The Wise Persons’ Committee to Review the Structure of Securities Regulation in Canada is calling for the creation of a single regulator built on a joint federal-provincial model.

Under the recommended model, the Canadian Securities Commission would consist of nine full-time, regionally representative commissioners appointed by the federal Minister of Finance.

Nominees would be proposed by a 13-person nominating committee with 10 members designated by the provinces. A Securities Policy Ministerial Committee consisting of the provincial ministers responsible for securities regulation and the Minister of Finance would provide a framework for provincial input to securities policy and the system’s administration.
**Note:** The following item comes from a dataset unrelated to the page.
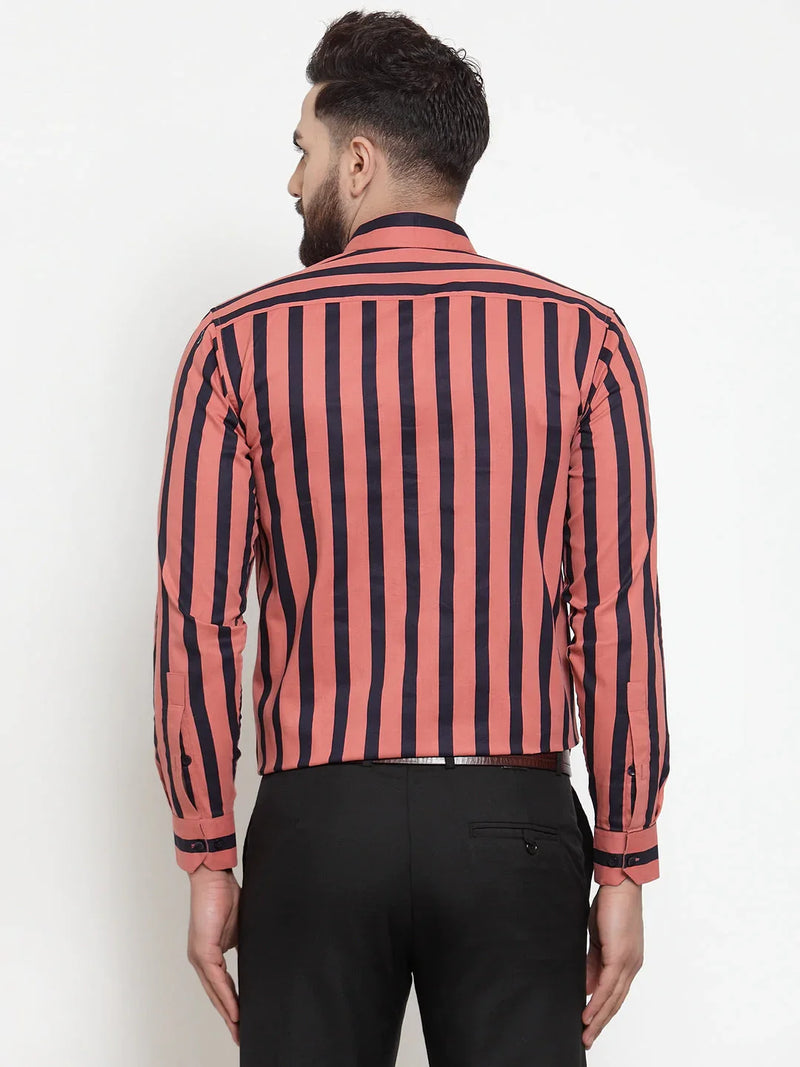 Jainish Red Men's Cotton Striped Formal Shirts ( SF 744Coral )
The CSC would administer a comprehensive code of capital markets regulation to be enacted by the federal government. The WPC says this legislation should take into account the Uniform Securities Legislation Project that has been undertaken by the Canadian Securities Administrators and other provincial legislative reform proposals.
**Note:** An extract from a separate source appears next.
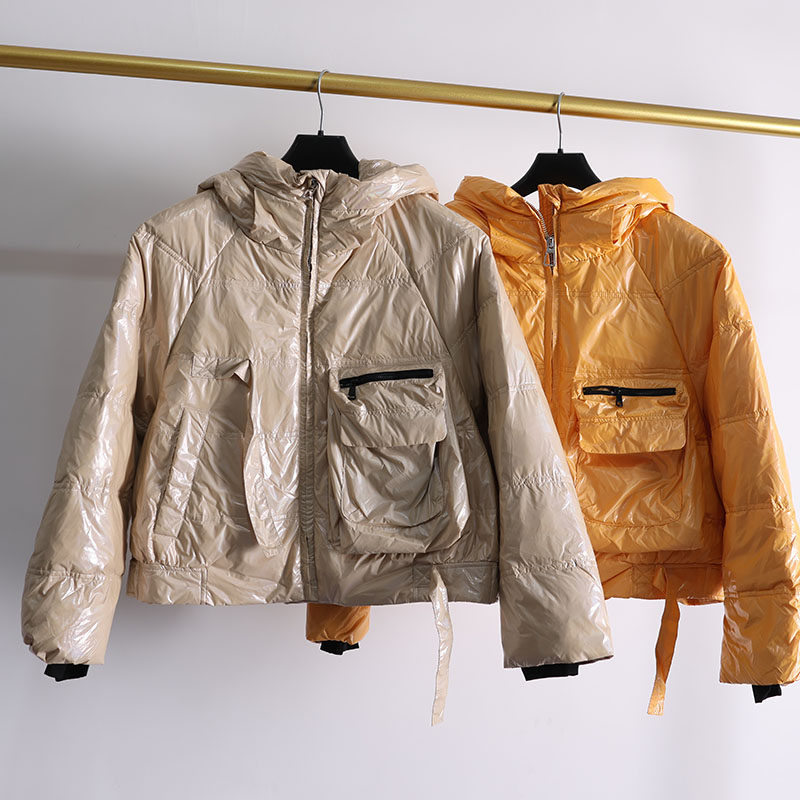 国内单 90绒工装口袋连帽短款羽绒服女 冬季防泼水宽松外套,女装/女士精品,羽绒服,淘宝优惠券,粉丝福利购,淘宝优惠卷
The WPC says that its single regulator proposal would significantly strengthen enforcement, facilitate better policy innovation and development, and enhance Canada’s brand of securities regulation internationally. “Moreover, it would establish clear lines of accountability, ensure responsiveness to regional needs, provide for uniform investor protection across Canada and facilitate the reallocation of substantial funds towards better enforcement and other pressing regulatory issues.”

The committee’s report, titled It’s Time, is a response to a high level of frustration among market participants with the inadequate enforcement, undue complexity, excessive cost and weak international profile of Canada’s current regulatory system of 13 provincial and territorial regulators. “There was a time when Canada was well served by a provincially-based system of securities regulation, but those days are gone,” said Michael Phelps, committee chairman. “It’s time for Canada to have a single regulator administering a single code nationwide.”
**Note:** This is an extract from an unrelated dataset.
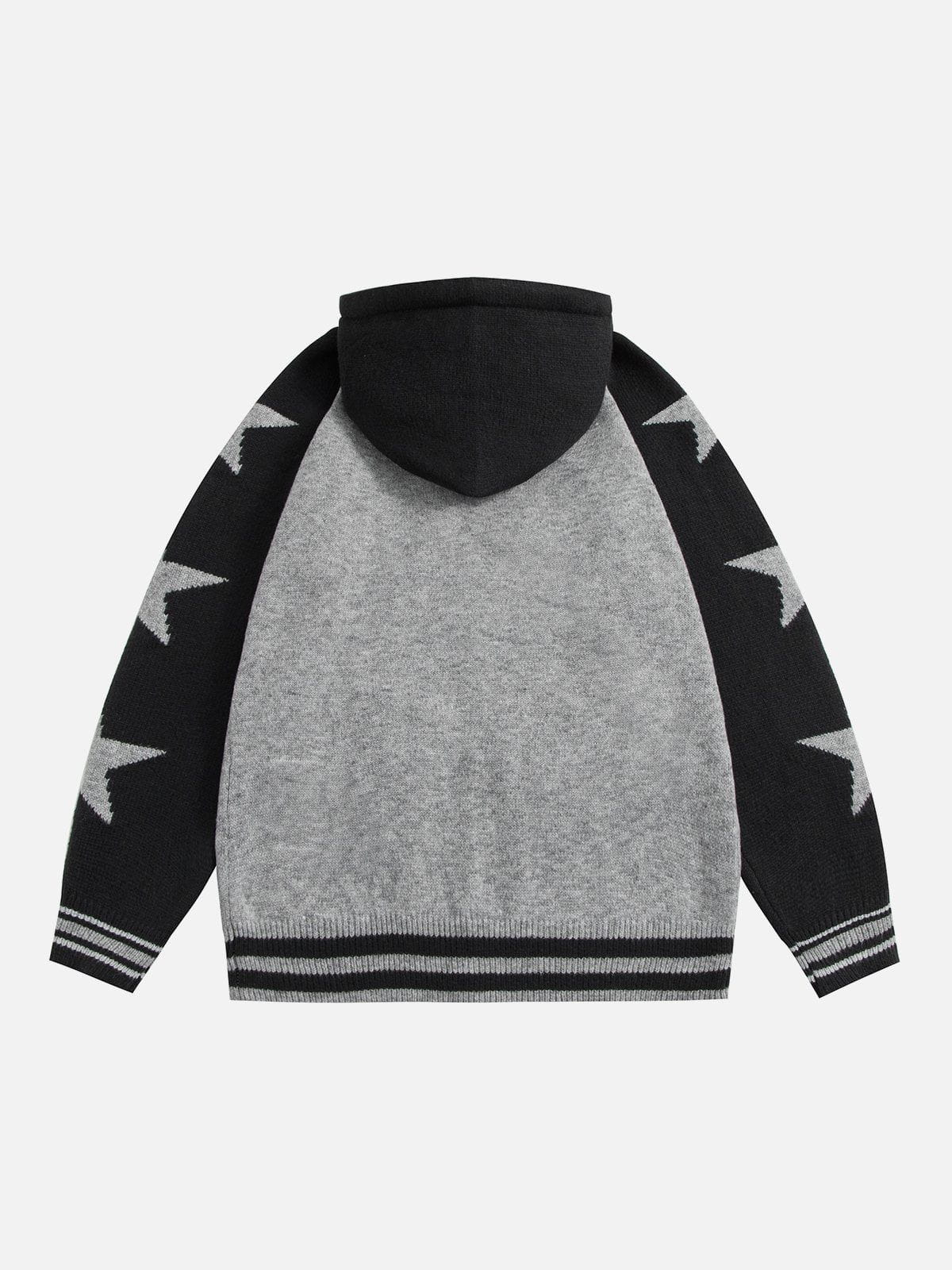 Patchwork Pentagrams Knit Hoodie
Phelps added that Canada can no longer afford to be the world’s only major industrialized country without a national regulator.

Phelps said the WPC gave “serious consideration” to the proposed passport model of regulation proposed by the B.C. Securities Commission, but rejected the proposal. “The passport represents an incremental improvement over the status quo, but as a number of market participants pointed out, it falls far short of the kind of system Canada needs to be successful,” Phelps said.

He added that the WPC is urging the federal and provincial governments to work together to promptly implement the committee’s recommended model. “This must not be about federal-provincial turf squabbles. It has to be about serving the best interests of Canada’s capital markets and the Canadian economy,” he said.

The WPC was established by former Minister of Finance John Manley in March 2003. Its mandate was to undertake an independent objective review of the current securities regulatory framework and identify an appropriate model for securities regulation in Canada.

The committee members are:

  • Michael Phelps (chairman), chairman, Dornoch Capital Inc., and former chairman and CEO, Westcoast Energy Inc.;
  • Harold MacKay (vice-chairman), senior partner in the Saskatchewan-based law firm of MacPherson Leslie & Tyerman LLP;
  • Tom Allen, senior partner, Ogilvy Renault;
  • Pierre Brunet, chairman of the Canadian Institute of Chartered Accountants;
  • Wendy Dobson, professor at the Rotman School of Management;
  • Edwin Harris, counsel with the Halifax office of the law firm Patterson Palmer; and
  • Michael Tims, chairman, Peters & Co. Ltd.